Une communauté à la fois dominante et dominée

La communauté alaouite de Syrie a été projetée sous les feux de l’actualité à l’occasion des dramatiques événements qui secouent le pays depuis 2011 : stigmatisée par certains, en tant que communauté au pouvoir (car c’est d’elle que sont issus le président de la République, Bachar al-Assad, et nombre de dirigeants actuels), elle s’est retrouvée victimisée par d’autres, parce que ses membres appartiennent à la communauté du pouvoir, dont ils seraient non pas tant les complices que les otages. La vérité doit se situer quelque part entre les deux. L’expression trop souvent entendue ou lue dans les médias de « régime alaouite » témoigne d’un amalgame trompeur entre un groupe humain et un pouvoir qui en serait en quelque sorte l’émanation. Elle masque une réalité plus complexe, celle d’une communauté riche d’une longue histoire et qui, comme toute autre, est traversée par des clivages plus ou moins visibles et durables, par des hiérarchies mouvantes et par toutes sortes de rapports d’influence, de clientèle ou de rivalité.
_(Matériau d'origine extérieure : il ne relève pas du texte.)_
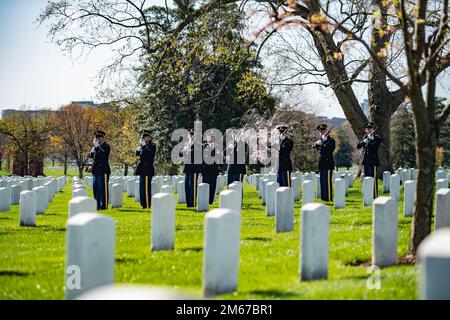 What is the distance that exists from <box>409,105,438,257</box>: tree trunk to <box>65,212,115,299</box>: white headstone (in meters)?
4.16

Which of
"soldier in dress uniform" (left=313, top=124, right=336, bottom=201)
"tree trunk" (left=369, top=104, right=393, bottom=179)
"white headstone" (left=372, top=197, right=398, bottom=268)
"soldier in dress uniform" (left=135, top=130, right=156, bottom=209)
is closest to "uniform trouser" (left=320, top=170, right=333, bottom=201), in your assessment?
"soldier in dress uniform" (left=313, top=124, right=336, bottom=201)

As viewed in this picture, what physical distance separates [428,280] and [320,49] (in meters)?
21.5

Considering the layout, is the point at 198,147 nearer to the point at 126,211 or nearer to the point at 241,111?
the point at 126,211

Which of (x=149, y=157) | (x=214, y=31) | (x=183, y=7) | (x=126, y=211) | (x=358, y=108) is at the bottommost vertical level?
(x=126, y=211)

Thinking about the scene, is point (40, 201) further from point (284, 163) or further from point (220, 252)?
point (220, 252)

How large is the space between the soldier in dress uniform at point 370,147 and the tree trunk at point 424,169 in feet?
35.2

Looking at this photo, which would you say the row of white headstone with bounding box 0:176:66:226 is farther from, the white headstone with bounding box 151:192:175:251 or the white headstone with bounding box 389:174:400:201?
the white headstone with bounding box 389:174:400:201

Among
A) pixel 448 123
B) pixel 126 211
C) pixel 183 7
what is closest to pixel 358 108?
pixel 183 7

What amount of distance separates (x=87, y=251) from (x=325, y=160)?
47.2ft

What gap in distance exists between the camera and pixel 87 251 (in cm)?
556

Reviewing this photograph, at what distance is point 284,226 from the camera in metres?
11.5

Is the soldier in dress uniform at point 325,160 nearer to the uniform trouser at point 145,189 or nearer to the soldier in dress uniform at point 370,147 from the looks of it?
the soldier in dress uniform at point 370,147

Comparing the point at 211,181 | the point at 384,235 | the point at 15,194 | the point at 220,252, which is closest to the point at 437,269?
the point at 220,252

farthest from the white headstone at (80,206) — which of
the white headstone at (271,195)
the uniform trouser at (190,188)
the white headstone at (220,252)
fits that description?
the uniform trouser at (190,188) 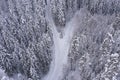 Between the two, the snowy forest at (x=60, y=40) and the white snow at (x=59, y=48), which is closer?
the snowy forest at (x=60, y=40)

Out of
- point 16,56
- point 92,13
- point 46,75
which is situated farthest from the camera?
point 92,13

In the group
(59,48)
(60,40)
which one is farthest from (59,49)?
(60,40)

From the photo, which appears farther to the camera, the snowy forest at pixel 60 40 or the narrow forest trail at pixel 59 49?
the narrow forest trail at pixel 59 49

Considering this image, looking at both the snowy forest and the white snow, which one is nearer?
the snowy forest

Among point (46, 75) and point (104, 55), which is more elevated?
point (104, 55)

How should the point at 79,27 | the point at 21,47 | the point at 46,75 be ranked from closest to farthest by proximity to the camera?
the point at 21,47
the point at 46,75
the point at 79,27

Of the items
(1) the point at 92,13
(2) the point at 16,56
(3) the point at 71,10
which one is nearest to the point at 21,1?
(3) the point at 71,10

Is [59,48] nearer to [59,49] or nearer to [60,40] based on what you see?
[59,49]

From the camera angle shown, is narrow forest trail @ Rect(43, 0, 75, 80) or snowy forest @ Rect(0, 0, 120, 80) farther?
narrow forest trail @ Rect(43, 0, 75, 80)

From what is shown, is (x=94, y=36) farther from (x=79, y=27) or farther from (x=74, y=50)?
(x=74, y=50) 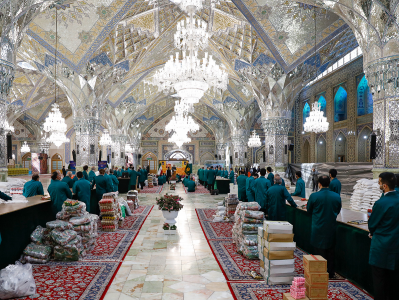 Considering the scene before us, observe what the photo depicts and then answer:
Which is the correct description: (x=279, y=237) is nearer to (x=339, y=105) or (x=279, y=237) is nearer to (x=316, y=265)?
(x=316, y=265)

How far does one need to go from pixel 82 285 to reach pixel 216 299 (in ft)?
5.44

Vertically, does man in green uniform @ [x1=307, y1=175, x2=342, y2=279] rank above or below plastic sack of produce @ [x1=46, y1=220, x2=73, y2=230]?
above

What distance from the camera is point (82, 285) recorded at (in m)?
3.69

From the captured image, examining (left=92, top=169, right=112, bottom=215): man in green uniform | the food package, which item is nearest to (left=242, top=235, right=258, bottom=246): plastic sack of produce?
the food package

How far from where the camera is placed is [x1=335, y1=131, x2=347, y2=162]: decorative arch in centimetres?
1825

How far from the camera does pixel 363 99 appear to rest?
16500 millimetres

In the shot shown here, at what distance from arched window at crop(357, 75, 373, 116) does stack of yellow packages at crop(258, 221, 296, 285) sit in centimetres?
1499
Les quatre groupes constitutifs des Alaouites

La mémoire de la migration de l’émir al-Makzoun al-Sindjari (m. 1240) est encore intacte. C’est elle qui est à l’origine de la composition actuelle de la communauté alaouite en quatre groupes (Mataouira, Kalbiyé, Haddadine et Khayatine). Les trois premiers disent descendre des familles sindjarites venues s’établir dans la région avec al-Makzoun. Cela ne signifie pas pour autant que tous les clans rattachés à ces trois groupes ont un lien de parenté avec eux. Ainsi, si les Haddadine tiennent leur nom de Mohammad al-Haddad, vraisemblablement l’arrière-petit-neveu d’al-Makzoun, les Mahaliba et les Mahariza, par exemple, qui sont rattachés aux Haddadin, étaient déjà établis dans la montagne au moment de la venue d’al-Makzoun. Les Khayatine, quant à eux, sont les descendants de familles qui se seraient installées dans la région dès le début du xie siècle, avec à leur tête Issa al-Adib al-Banyasi et Ali al-Khayyat.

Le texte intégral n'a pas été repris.